_Image-caption web data:_
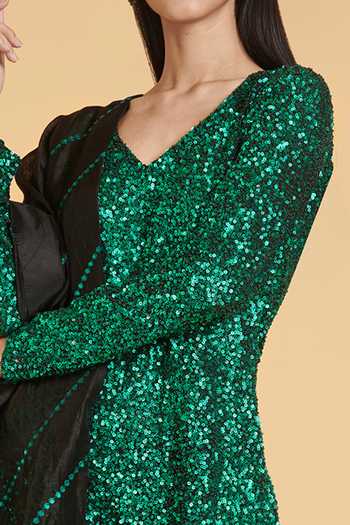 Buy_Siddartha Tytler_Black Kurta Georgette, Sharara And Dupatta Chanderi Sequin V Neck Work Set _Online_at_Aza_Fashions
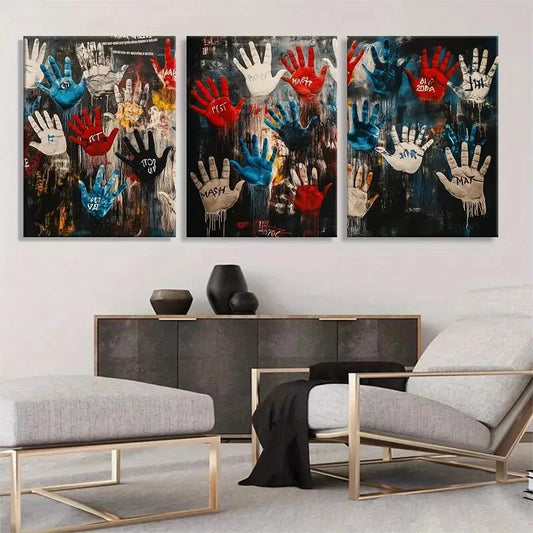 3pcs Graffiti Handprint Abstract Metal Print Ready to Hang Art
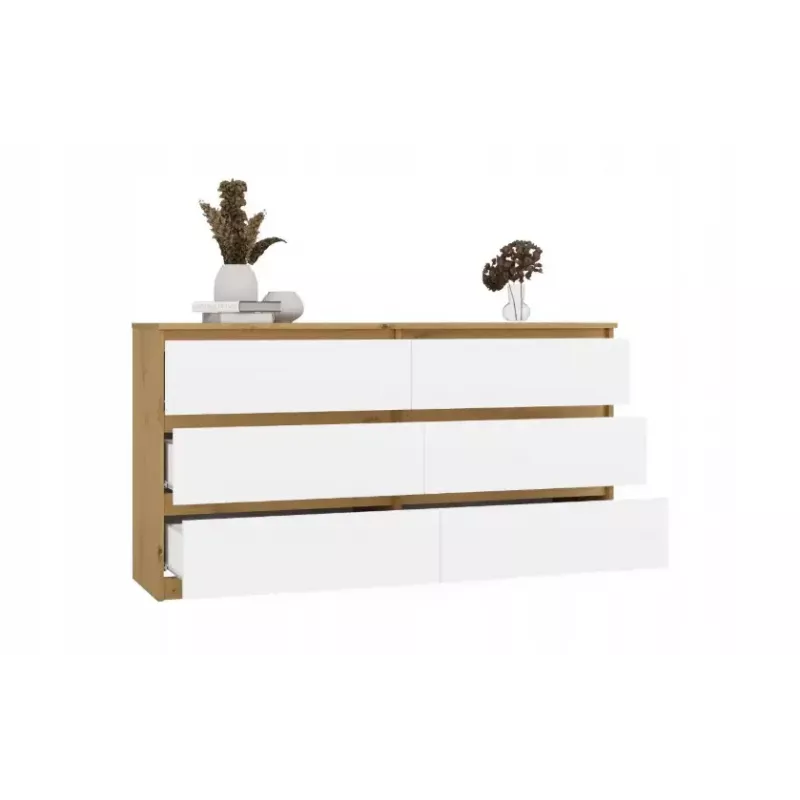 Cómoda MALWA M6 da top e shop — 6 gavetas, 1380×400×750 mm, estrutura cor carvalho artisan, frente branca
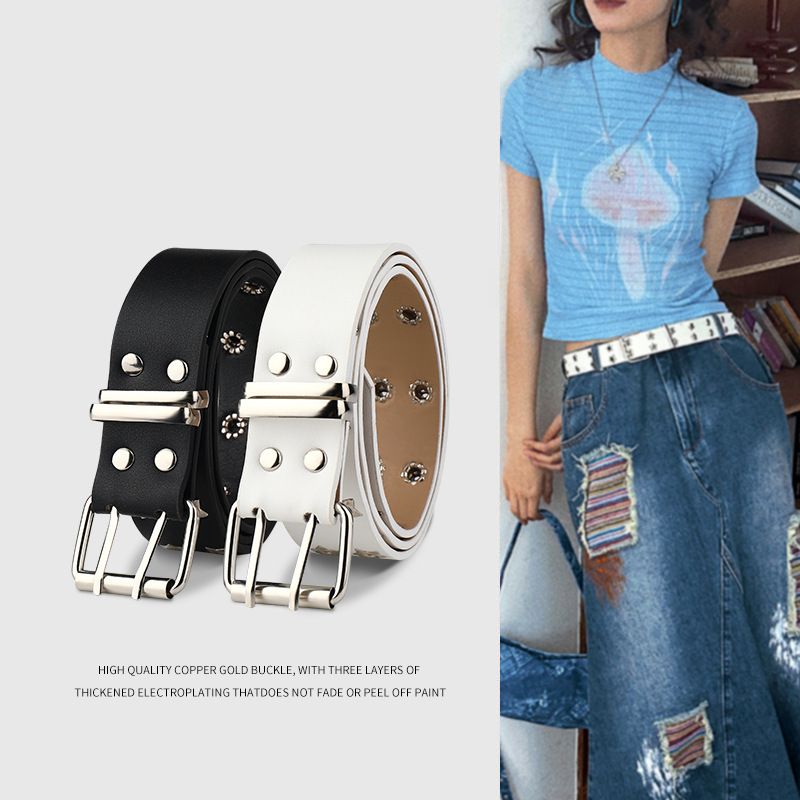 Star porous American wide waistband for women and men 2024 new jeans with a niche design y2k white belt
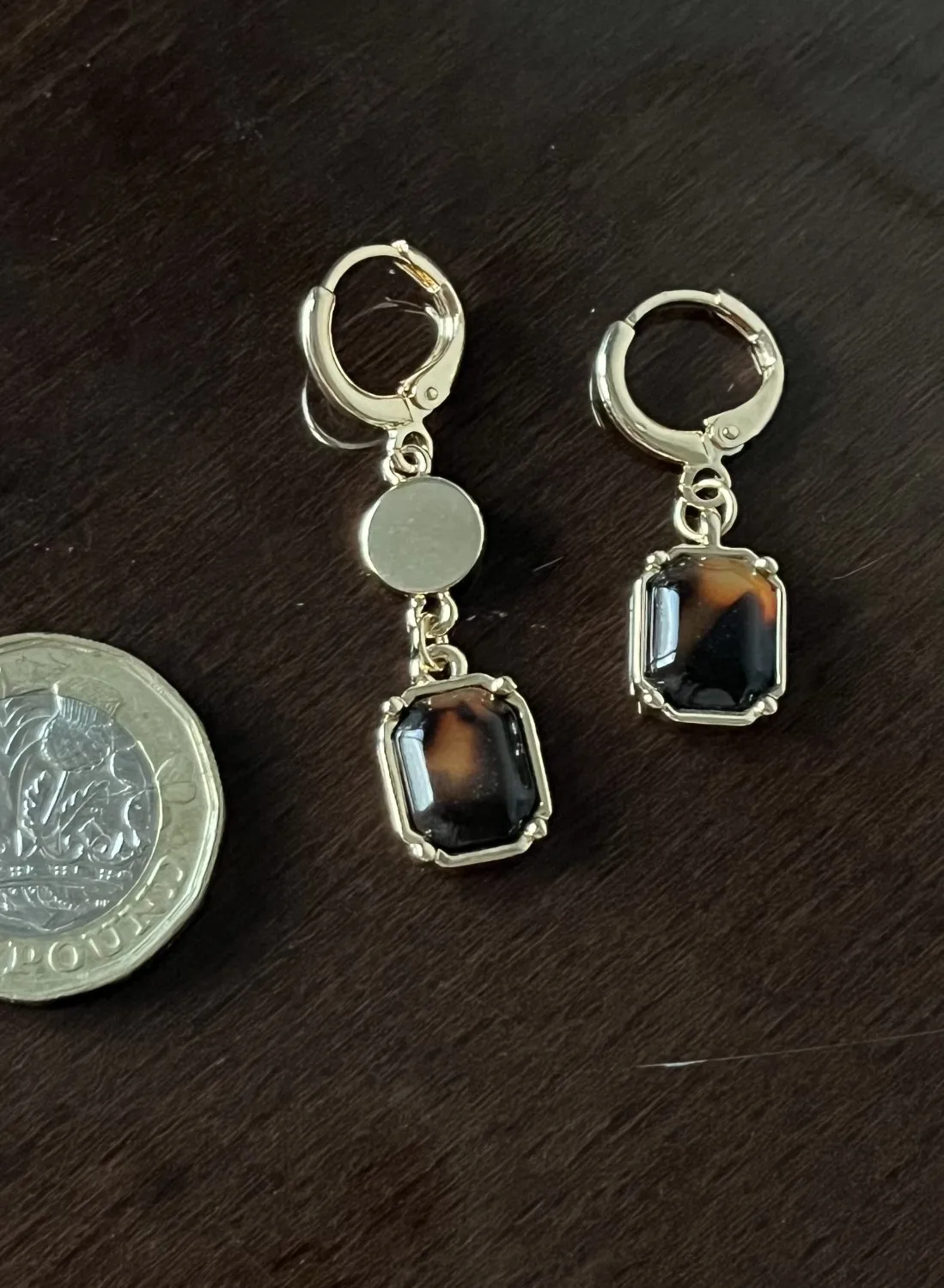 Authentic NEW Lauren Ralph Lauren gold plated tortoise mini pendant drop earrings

_EXERCISE INSTRUCTIONS:_ Produce an exact copy of only those lines that run from the line with "Cómoda MALWA M6" to the final line of the records, including both; exclude images.

_THE ANSWER:_
 Cómoda MALWA M6 da top e shop — 6 gavetas, 1380×400×750 mm, estrutura cor carvalho artisan, frente branca
 Star porous American wide waistband for women and men 2024 new jeans with a niche design y2k white belt
 Authentic NEW Lauren Ralph Lauren gold plated tortoise mini pendant drop earrings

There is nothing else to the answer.